__Dataset section__:
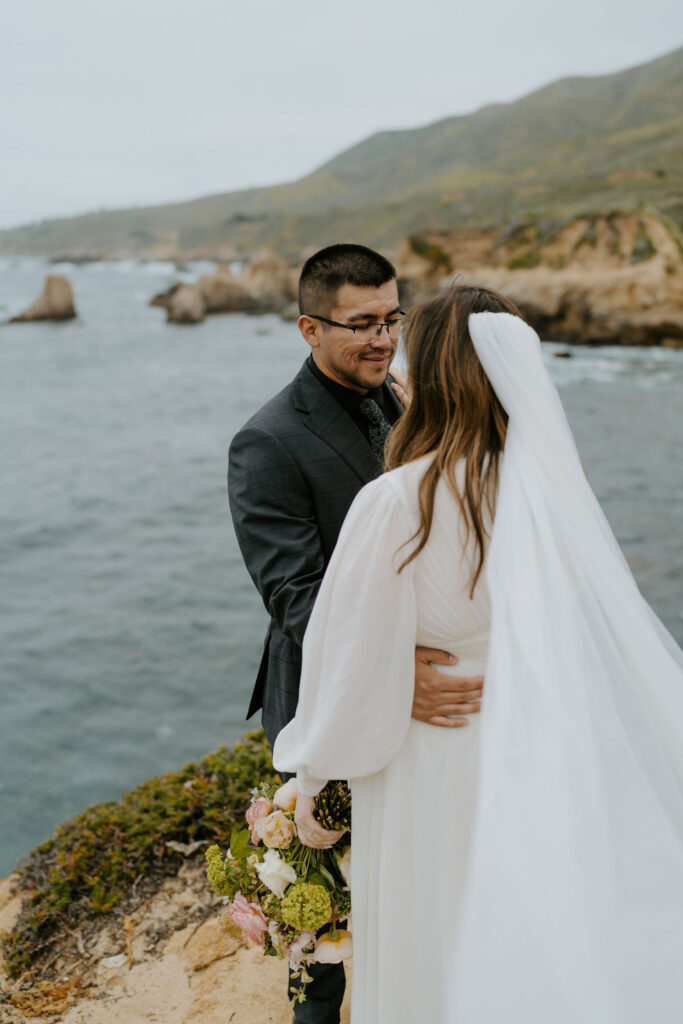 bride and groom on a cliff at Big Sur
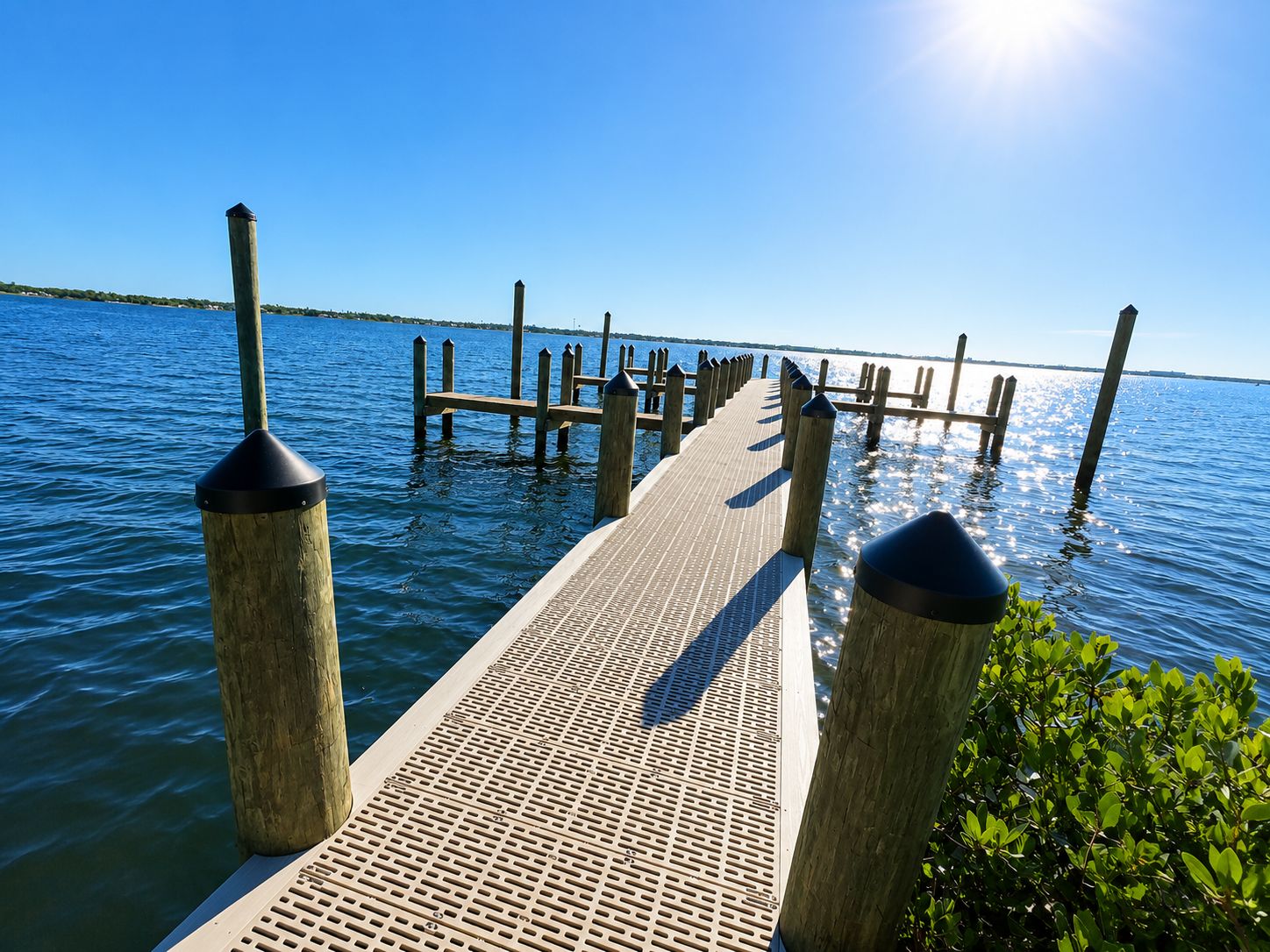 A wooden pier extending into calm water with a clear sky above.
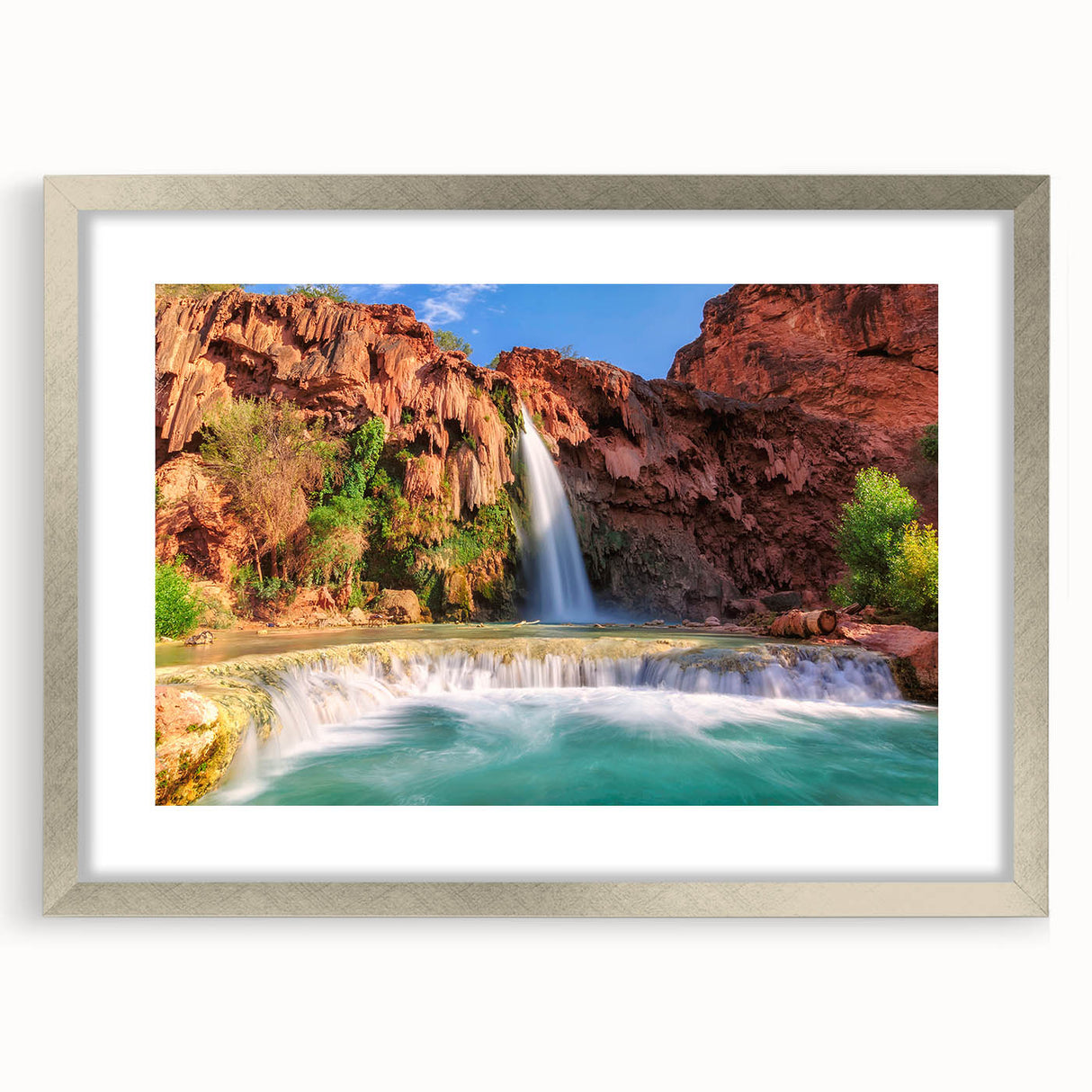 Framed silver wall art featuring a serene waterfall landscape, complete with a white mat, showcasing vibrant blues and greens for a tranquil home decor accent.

__Task to complete__: Restate the data exactly, though only from the line that contains "A wooden pier" through its last line, both ends included and with the pictures left out.

__Output below__:
 A wooden pier extending into calm water with a clear sky above.
 Framed silver wall art featuring a serene waterfall landscape, complete with a white mat, showcasing vibrant blues and greens for a tranquil home decor accent.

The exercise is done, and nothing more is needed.